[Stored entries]
=-=-=-=-=

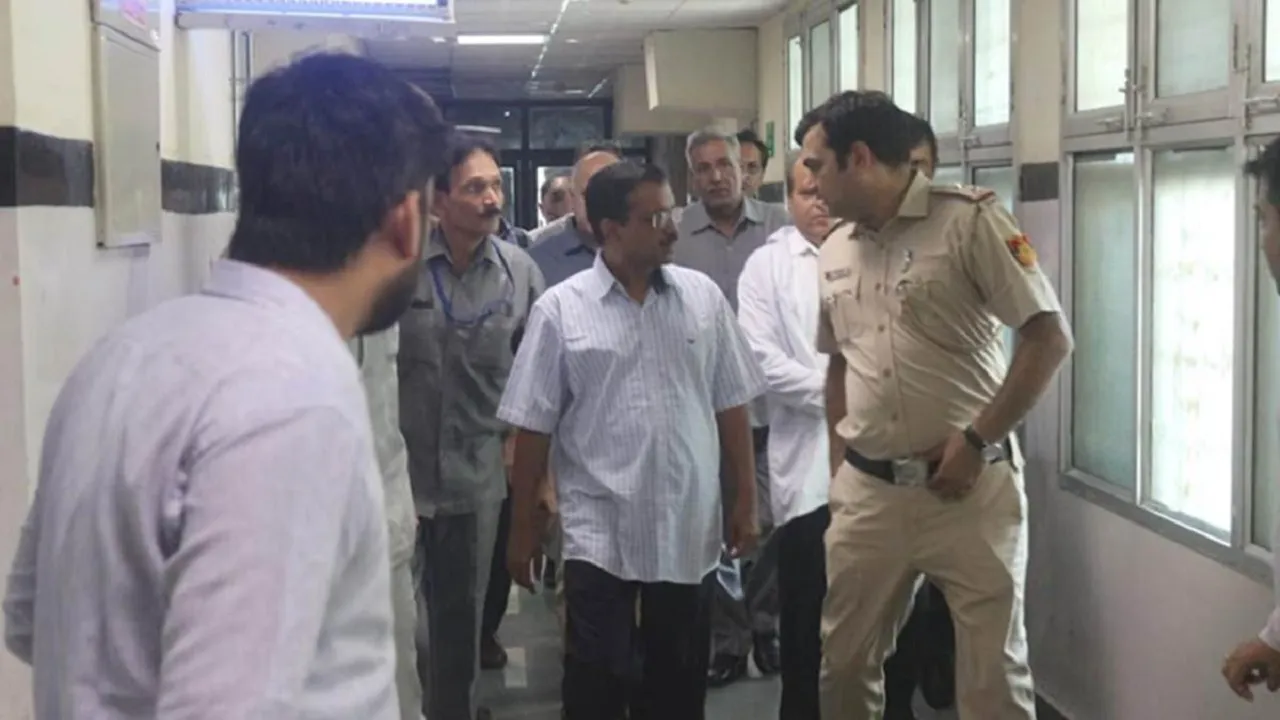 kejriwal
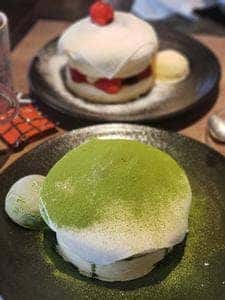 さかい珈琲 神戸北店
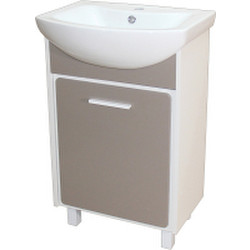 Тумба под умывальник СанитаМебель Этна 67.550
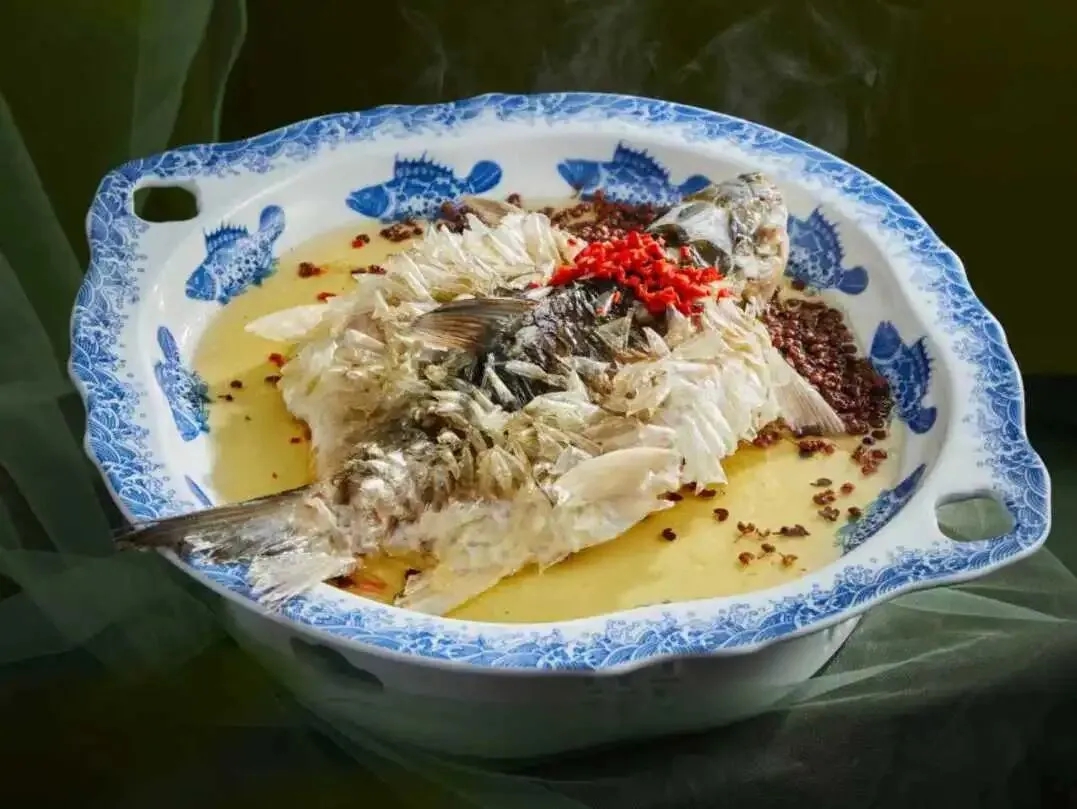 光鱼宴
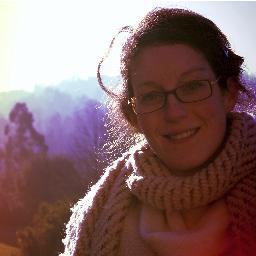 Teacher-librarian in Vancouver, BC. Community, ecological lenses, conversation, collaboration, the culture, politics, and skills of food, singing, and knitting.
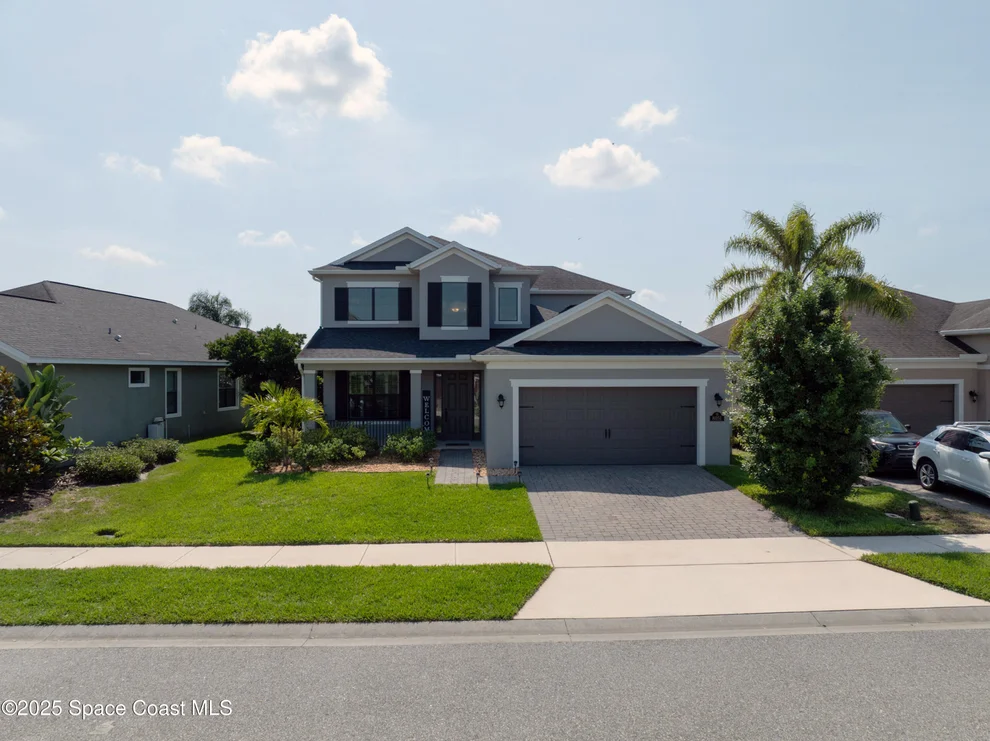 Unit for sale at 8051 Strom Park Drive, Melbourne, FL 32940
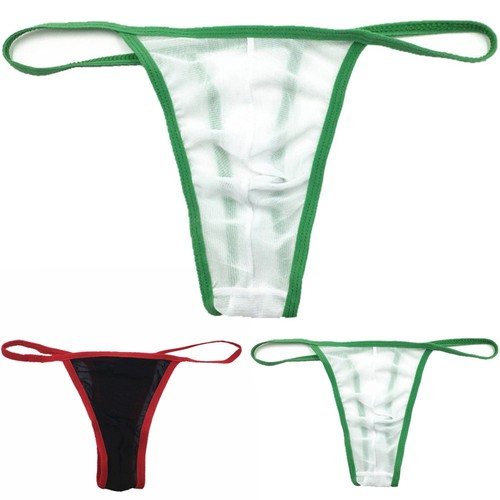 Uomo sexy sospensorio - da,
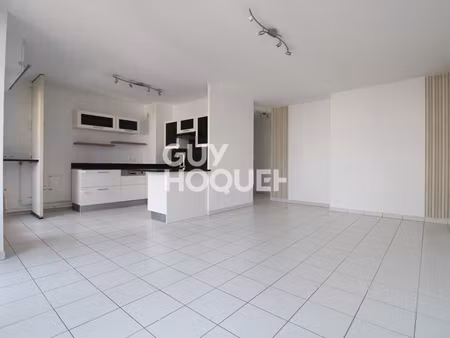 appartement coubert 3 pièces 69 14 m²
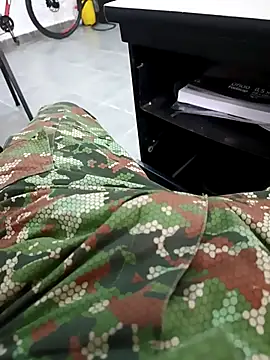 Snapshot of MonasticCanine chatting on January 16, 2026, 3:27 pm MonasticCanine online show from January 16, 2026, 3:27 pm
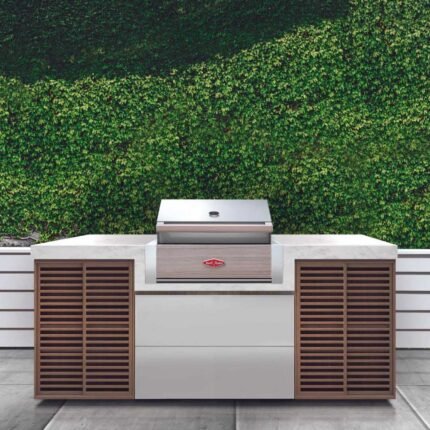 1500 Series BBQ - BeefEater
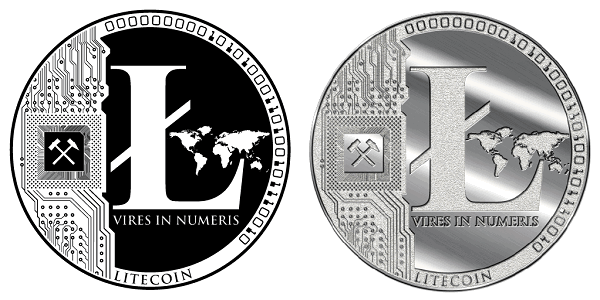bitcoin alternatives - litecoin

=-=-=-=-=

## What you have to do
Return all the lines above exactly; none of the pictures should appear.

## Answer to this task
 kejriwal
 さかい珈琲 神戸北店
 Тумба под умывальник СанитаМебель Этна 67.550
 光鱼宴
 Teacher-librarian in Vancouver, BC. Community, ecological lenses, conversation, collaboration, the culture, politics, and skills of food, singing, and knitting.
 Unit for sale at 8051 Strom Park Drive, Melbourne, FL 32940
 Uomo sexy sospensorio - da,
 appartement coubert 3 pièces 69 14 m²
 Snapshot of MonasticCanine chatting on January 16, 2026, 3:27 pm MonasticCanine online show from January 16, 2026, 3:27 pm
 1500 Series BBQ - BeefEater
bitcoin alternatives - litecoin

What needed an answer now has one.